Auparavant, la mort lente et programmée des salles de cinéma avait déjà défiguré la grande cité, en l’éloignant pour longtemps du 7e art. Dans les années 1950 et 1960 en effet, les salles obscures pullulaient dans Casablanca. Les évoquer aujourd’hui serait l’occasion de montrer combien notre ville et ses habitants célébraient l’art cinématographique. « Les salles de cinéma étaient le seul moyen pour voir les films, surtout que les télévisions étaient encore un produit de luxe, non accessible à tout le monde », nous confie une Casablancaise.

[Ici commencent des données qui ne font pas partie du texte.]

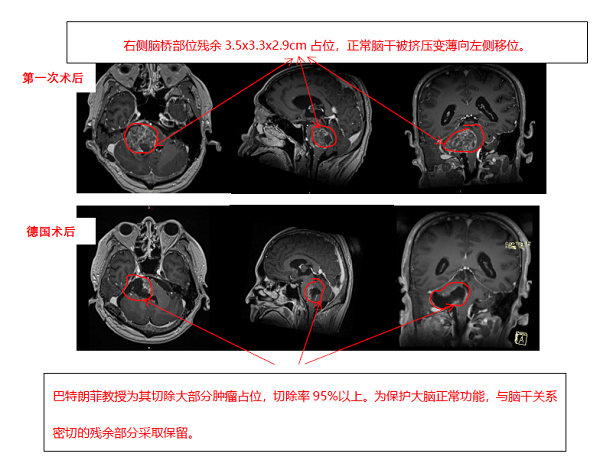 腦干膠質(zhì)瘤案例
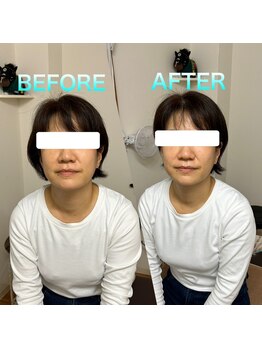 代々木美容鍼灸サロン さくら/美容鍼　before　after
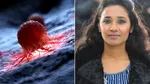 tannishtha chatterjee suffering from oligometastatic cancer know its causes symptoms and treatment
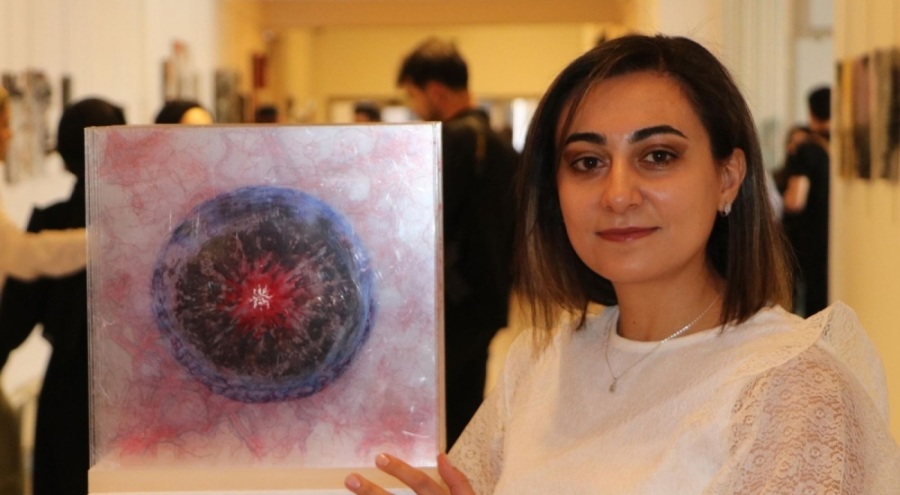 Migren ataklarını sanata dönüştürdü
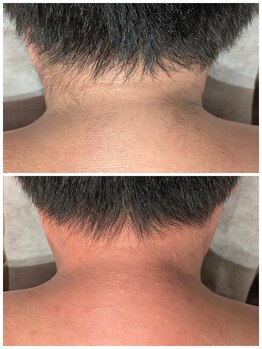 トリニティスペース(TrinitySpace)/メンズもうなじ(襟足)ワックス☆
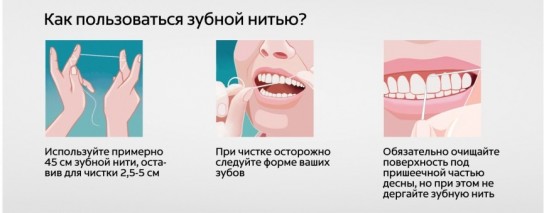 Разновидности зубных нитей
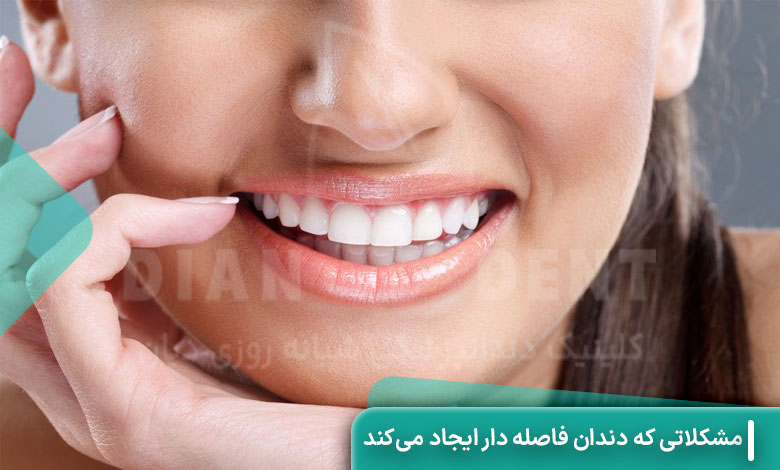 مشکلاتی که دندان فاصله ‌دار ایجاد می‌کند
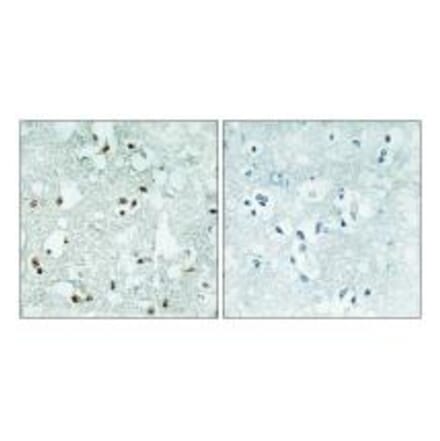 Immunohistochemistry - ELAC2 Antibody from Signalway Antibody (34041) - Antibodies.com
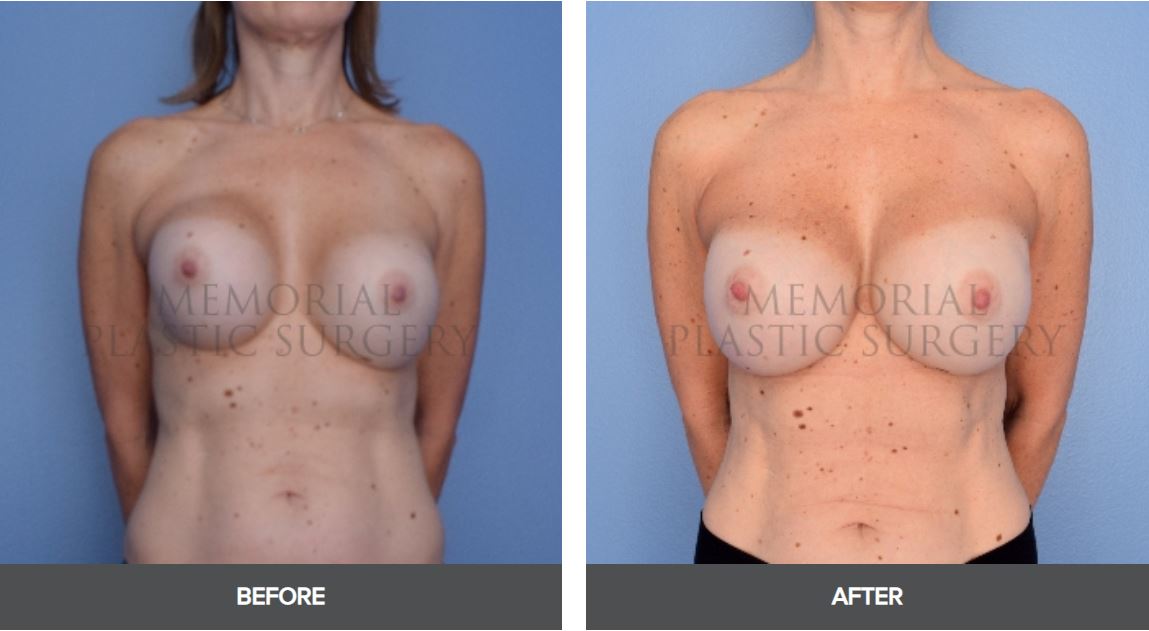 breast implant revision before and after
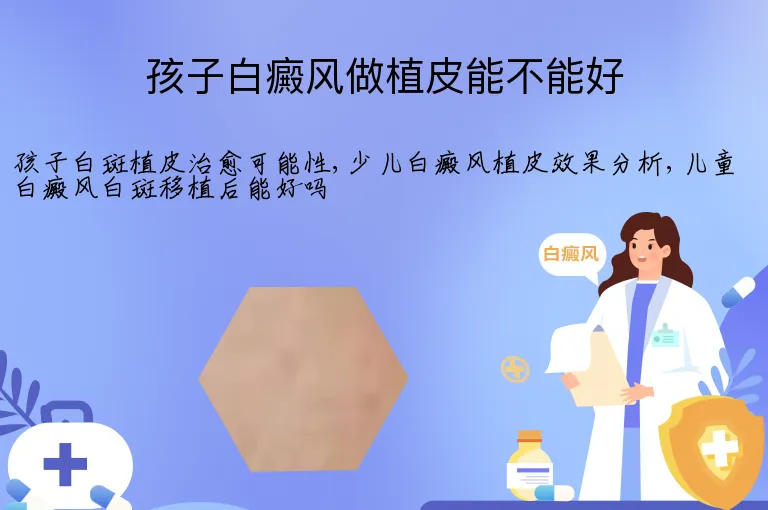 孩子白癜风做植皮能不能好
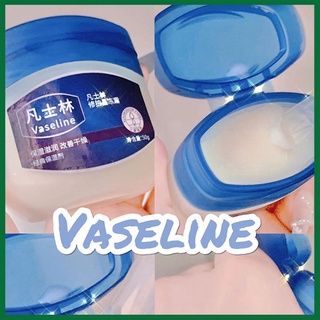 Son Dưỡng Môi Dạng Thạch VASELINE   Dưỡng Ẩm Chăm Sóc Môi Hiệu Quả FEY BEAUTY A53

Certes, aujourd’hui, il y a le complexe du Megarama avec ses 14 salles, mais hélas réservées à un certain milieu. Jadis, ce sont ces petites salles de quartiers qui faisaient le charme des sorties en famille. La seule rue du Jura (actuellement Oussama Ibnou Zaid) au Maârif comptait quatre salles qui faisaient les beaux jours de leurs exploitants, car elles affichaient toujours «complet». En empruntant la rue du Jura venant du boulevard Brahim Roudani, voici le «Monte Carlo», le «Mondial», le «Familia» et enfin le «Rex». «On avait droit à deux films par séance, généralement de grands succès américains ou européens, particulièrement français », se souvient un ancien habitant du quartier.

Les Maârifiens comme on les appelait n’avaient guère besoin de se déplacer ailleurs pour «se frapper une toile» selon l’expression consacrée à l’époque. Chaque quartier donc, avait sa salle. Ainsi à Bourgogne, on trouvait le «Victoria» et «L’Arc» dont les matinées enfantines à 1 dirham l’entrée rendaient les adolescents de véritables cinéphiles. L’ancienne médina de Casablanca n’était pas en reste. Médina, Impérial, Raja, Moghreb… Assister à une séance dans ces salles qui étaient friandes de westerns, était un véritable régal. Le public vivait au rythme de l’action du film et de l’évolution du héros (l’oueld pour les Casablancais). Les «Rio Bravo», «L’homme au colt d’or », « Le dernier train de Gun Hill », « Le train sifflera trois fois», tous des succès planétaires, ont permis aux Casablancais de connaître ce genre cinématographique qui est le western.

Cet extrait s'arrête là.